Sanctions européennes attendues
L'Union européenne s'est dit prête à déclencher des sanctions contre Moscou, appelant jusqu'à la dernière minute à ne pas reconnaître l'indépendance de ces régions. La décision sur les sanctions doit être prise par les dirigeants de l'UE réunis en sommet et une réunion extraordinaire des ministres des Affaires étrangères de l'UE sera convoquée pour les adopter. Le sommet européen peut se tenir en visio-conférence, a-t-on précisé de source européenne. Les sanctions européennes doivent être décidées à l'unanimité et "l'unanimité sur le dossier de l'Ukraine est garantie", a affirmé ce lundi le chef de la diplomatie européenne Josep Borrell. Lesquelles ? "Il y a différentes mesures et le degré de leur mise en oeuvre dépend du niveau d'agression", a-t-il éludé.
"Si Vladimir Poutine déclenche une guerre, nous répondrons avec le levier le plus puissant dont nous disposons: des sanctions économiques et financières, car l'économie est le point faible de la Russie", avait déclaré la veille la présidente de la Commission européenne Ursula von der Leyen, dans un entretien accordé à la chaîne de télévision allemande ARD. "Les sanctions financières signifieraient que la Russie serait pratiquement coupée des marchés financiers internationaux", a-t-elle précisé.

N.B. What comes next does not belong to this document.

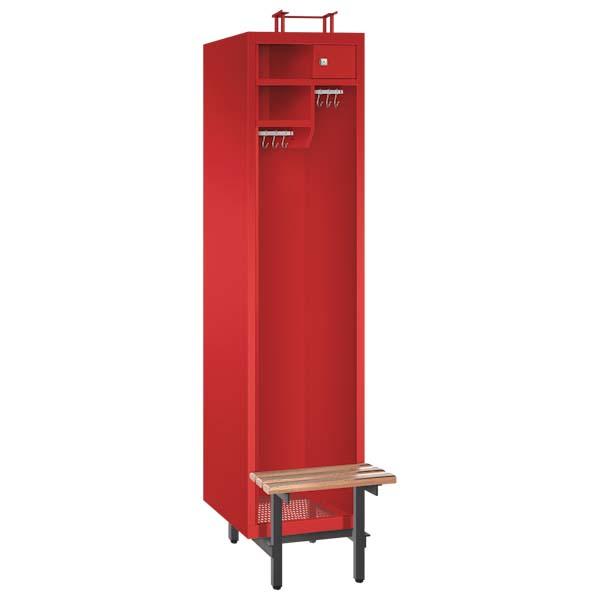 Ein feuerroter Feuerwehrschrank mit einem Abteil, einer Sitzbank, einem Helmständer und zwei Ablagefächern. Zusätzlich ein Wertfach mit Zylinderschloss und zwei Metallkleiderstangen mit Schiebehaken. Das Produkt steht vor einem weißen Hintergrund.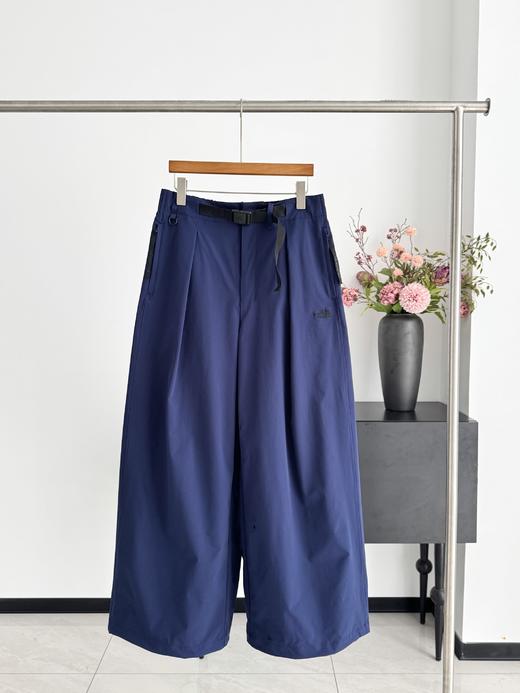 点此购买 北面春秋季女士防风防泼水脚口可收可松休闲长裤 bk 341872 商品图3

Une éviction du système Swift, l'arrêt du projet Nordstream 2 ou le gel des avoirs étrangers des oligarques proches du pouvoir, semblent cependant être sur la table. Rien n'indique que Vladimir Poutine y soit sensible. Ce dernier a de nouveau incriminé en ce début de semaine les pays occidentaux, leur reprochant d'"utiliser l'Ukraine comme instrument de confrontation avec notre pays", ce qui "représente une menace sérieuse, très grande pour nous".